● Task goal:
Pull out every line in the data that has the string "Full" in it.

● Records to use:

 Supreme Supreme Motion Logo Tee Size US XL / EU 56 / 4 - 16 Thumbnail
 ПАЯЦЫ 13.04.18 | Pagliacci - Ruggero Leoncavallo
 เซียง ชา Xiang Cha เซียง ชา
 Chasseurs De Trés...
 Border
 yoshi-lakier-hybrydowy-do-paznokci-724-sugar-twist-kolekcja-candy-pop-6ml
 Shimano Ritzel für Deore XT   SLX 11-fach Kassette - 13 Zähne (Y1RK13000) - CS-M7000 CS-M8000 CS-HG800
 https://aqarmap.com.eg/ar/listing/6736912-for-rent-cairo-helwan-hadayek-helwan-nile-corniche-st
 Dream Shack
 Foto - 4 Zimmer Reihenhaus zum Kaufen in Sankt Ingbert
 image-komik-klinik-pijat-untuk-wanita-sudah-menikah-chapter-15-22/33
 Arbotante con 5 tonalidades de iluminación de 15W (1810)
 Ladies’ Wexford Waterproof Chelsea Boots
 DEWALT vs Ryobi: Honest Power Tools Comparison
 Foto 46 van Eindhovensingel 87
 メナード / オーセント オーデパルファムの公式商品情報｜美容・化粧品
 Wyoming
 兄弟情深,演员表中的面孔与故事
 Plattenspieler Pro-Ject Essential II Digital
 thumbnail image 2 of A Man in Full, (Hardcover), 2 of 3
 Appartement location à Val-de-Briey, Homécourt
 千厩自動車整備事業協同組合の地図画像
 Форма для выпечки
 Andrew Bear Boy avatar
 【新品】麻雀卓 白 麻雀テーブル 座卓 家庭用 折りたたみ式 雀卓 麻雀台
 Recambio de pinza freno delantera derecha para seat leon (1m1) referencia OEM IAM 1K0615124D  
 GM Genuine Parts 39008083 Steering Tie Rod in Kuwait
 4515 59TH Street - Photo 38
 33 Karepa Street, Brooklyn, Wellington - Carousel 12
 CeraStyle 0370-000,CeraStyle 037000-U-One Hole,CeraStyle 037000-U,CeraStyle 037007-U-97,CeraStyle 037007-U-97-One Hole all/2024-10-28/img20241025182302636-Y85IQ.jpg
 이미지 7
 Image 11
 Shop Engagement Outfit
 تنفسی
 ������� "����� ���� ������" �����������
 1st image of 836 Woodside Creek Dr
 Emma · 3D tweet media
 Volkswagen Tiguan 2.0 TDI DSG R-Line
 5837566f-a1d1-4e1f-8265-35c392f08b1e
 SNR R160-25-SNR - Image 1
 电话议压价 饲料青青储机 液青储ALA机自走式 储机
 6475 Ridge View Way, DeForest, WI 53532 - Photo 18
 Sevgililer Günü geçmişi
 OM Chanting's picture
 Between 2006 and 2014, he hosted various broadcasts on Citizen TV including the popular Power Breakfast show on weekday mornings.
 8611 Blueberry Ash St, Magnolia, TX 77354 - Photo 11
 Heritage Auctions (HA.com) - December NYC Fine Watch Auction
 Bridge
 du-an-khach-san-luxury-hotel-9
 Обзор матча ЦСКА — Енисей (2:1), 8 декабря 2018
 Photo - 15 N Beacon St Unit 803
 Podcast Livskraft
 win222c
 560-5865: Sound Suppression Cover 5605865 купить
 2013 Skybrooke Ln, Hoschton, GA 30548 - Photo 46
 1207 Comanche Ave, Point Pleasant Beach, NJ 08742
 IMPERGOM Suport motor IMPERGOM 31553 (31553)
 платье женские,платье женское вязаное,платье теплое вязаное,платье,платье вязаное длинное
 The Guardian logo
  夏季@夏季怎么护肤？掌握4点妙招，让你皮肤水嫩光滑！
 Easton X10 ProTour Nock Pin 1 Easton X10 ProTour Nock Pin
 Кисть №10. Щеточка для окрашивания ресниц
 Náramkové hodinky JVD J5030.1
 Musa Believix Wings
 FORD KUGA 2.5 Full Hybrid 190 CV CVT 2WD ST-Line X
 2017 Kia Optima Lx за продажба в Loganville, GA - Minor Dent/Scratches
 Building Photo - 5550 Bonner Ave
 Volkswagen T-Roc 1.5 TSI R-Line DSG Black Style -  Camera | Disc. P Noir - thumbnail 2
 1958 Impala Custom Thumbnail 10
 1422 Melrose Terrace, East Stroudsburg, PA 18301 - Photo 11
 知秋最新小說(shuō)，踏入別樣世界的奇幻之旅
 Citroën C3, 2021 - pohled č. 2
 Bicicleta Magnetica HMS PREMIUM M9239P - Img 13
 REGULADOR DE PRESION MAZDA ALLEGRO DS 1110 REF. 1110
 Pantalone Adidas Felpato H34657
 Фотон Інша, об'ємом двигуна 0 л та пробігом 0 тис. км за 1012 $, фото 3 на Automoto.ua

● Output for this exercise:
 thumbnail image 2 of A Man in Full, (Hardcover), 2 of 3
 FORD KUGA 2.5 Full Hybrid 190 CV CVT 2WD ST-Line X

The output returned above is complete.